Electron Conductivity of Stellar Plasmas
Department of Theoretical Astrophysics	Contact: Alexander Potekhin (palex@astro.ioffe.ru)

Electrical and thermal conductivities of dense plasmas under conditions which take place in the stars have been studied by large number of authors over the twentieth century. Milestones on the theoretical investigation are the classical works by R. E. Marshak (1940), T. D. Lee (1950), J. M. Ziman (1960), L. Spitzer (1962), W. B. Hubbard & M. Lampe (1966 - 1969), E. Flowers & N. Itoh (1970s). In 80s - 90s, significant progress was due to L. Hernquist, N. Itoh, R. Redmer, and their co-workers, as well as other theoretical groups. It would be impossible to give the appropriate credit to all of them in this short introductory note. We restrict ourselves to a brief account only of the results obtained at the Department of Theoretical Astrophysics (DTA) of the Ioffe Institute since late 70s, which are implemented in the Fortran codes presented at this site.

As early as in 1980 Yakovlev and Urpin [1,2] critically analyzed previously published results and presented simple analytic approximations to the conductivities of degenerate electrons dominated by their scattering off ions (in the ion liquid) or off phonons or charged lattice impurities (in the ion crystal). Subsequent more detailed studies of this research team [3-6], as well as other ones, have confirmed reliability of these results in the range of plasma parameters typical for the thermal-insulating envelopes of cooling neutron stars (at densities of order 10³-10¹⁰ g/cc and temperatures T about 10⁶-10⁹ K, or more precisely, where T is much lower than the electron degeneracy temperature, but not much lower than the ion plasma temperature). At the same time, those later studies have extended the range of considered parameters to lower temperatures [3] at which quantization of ionic motion is important (which is relevant for interiors of cool white dwarfs), to lower density [4] (for outermost layers of neutron stars), and to higher densities (in the inner envelopes of neutron stars) at which the finite nuclear sizes are non-negligible [6].

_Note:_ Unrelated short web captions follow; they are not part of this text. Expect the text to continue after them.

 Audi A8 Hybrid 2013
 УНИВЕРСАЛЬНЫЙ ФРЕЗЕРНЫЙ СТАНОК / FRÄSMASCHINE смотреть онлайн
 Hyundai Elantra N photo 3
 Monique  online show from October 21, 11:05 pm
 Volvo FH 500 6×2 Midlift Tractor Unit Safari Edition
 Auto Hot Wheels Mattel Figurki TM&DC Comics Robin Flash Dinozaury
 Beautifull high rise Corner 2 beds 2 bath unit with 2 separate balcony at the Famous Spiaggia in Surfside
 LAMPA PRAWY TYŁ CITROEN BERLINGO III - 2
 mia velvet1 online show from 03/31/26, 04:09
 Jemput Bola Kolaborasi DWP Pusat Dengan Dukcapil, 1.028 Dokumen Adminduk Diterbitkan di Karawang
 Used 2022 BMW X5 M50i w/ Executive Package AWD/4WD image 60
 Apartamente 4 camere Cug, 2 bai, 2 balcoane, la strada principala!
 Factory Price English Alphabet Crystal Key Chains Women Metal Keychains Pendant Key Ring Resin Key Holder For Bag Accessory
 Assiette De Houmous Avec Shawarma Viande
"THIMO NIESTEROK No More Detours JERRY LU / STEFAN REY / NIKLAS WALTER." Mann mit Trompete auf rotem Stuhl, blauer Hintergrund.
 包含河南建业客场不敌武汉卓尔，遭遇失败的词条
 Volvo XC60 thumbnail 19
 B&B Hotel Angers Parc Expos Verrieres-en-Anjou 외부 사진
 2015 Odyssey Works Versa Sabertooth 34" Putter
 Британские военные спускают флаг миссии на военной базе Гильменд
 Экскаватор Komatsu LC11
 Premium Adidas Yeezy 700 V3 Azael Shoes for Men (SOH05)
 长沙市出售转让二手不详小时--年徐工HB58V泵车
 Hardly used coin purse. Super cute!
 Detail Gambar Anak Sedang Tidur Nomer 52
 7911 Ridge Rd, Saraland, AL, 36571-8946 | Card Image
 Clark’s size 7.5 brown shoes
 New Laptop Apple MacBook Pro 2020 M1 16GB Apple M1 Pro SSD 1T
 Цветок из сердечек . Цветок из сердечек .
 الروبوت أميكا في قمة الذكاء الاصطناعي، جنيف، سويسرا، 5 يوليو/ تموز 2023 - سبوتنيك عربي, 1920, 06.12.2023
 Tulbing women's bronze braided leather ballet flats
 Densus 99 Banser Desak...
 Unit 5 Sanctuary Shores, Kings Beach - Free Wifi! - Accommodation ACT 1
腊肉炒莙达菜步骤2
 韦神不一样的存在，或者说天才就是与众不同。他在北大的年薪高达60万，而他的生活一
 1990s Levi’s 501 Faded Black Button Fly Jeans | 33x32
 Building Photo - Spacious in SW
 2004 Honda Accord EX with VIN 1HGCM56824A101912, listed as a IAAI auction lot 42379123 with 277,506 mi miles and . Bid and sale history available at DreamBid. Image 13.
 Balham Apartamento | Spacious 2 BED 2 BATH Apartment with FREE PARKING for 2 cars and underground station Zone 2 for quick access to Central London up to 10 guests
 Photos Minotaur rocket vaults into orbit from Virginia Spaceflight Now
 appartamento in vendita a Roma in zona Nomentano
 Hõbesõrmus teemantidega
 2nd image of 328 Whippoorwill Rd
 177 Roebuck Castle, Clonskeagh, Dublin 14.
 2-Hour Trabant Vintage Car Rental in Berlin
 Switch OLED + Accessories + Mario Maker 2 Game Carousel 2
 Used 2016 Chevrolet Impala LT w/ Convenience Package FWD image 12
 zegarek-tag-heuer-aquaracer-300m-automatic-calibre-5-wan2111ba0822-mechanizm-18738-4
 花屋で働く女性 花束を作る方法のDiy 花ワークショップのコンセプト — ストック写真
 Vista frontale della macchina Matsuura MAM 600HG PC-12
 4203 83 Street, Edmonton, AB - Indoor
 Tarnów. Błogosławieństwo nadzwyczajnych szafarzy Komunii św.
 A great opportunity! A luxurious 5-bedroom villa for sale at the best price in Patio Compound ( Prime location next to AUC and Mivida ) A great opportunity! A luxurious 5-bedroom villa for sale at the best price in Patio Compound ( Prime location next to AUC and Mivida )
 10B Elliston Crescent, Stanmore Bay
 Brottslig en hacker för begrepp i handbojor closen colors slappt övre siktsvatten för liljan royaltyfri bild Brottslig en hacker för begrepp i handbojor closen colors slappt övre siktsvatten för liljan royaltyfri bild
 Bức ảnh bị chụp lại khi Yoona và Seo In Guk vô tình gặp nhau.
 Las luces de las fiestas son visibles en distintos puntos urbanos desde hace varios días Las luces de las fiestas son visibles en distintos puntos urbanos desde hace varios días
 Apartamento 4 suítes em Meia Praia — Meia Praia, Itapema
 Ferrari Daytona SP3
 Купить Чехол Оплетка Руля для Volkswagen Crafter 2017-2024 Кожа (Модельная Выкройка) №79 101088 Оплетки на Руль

Although transport properties of dense stellar plasma are mainly determined by electron-ion collisions, electron-electron collisions may also be significant for thermal conductivity under certain conditions. The collisions between degenerate electrons have been considered in [1]. They are unimportant if the ions are highly charged or electron degeneracy is strong. Both electron-ion and electron-electron collisions are taken into acount in the Fortran programs presented at this site.

Electrical and thermal conductivity tensors, as well as thermopower tensor, in strong magnetic fields - the fields in which the electron gyrofrequency is larger than the typical collision frequency - were studied first for the non-quantizing [7] and then for quantizing fields. Kaminker & Yakovlev [8] considered the electron transport across the field and Yakovlev [9] the transport along the field (strongly or weakly quantizing, for arbitrary relativism of the electron gas) as reviewed in Ref. [10]. The results [9] based on the electron distribution function formalism have been confirmed later [11,12] using a more general formalism of electron density matrix.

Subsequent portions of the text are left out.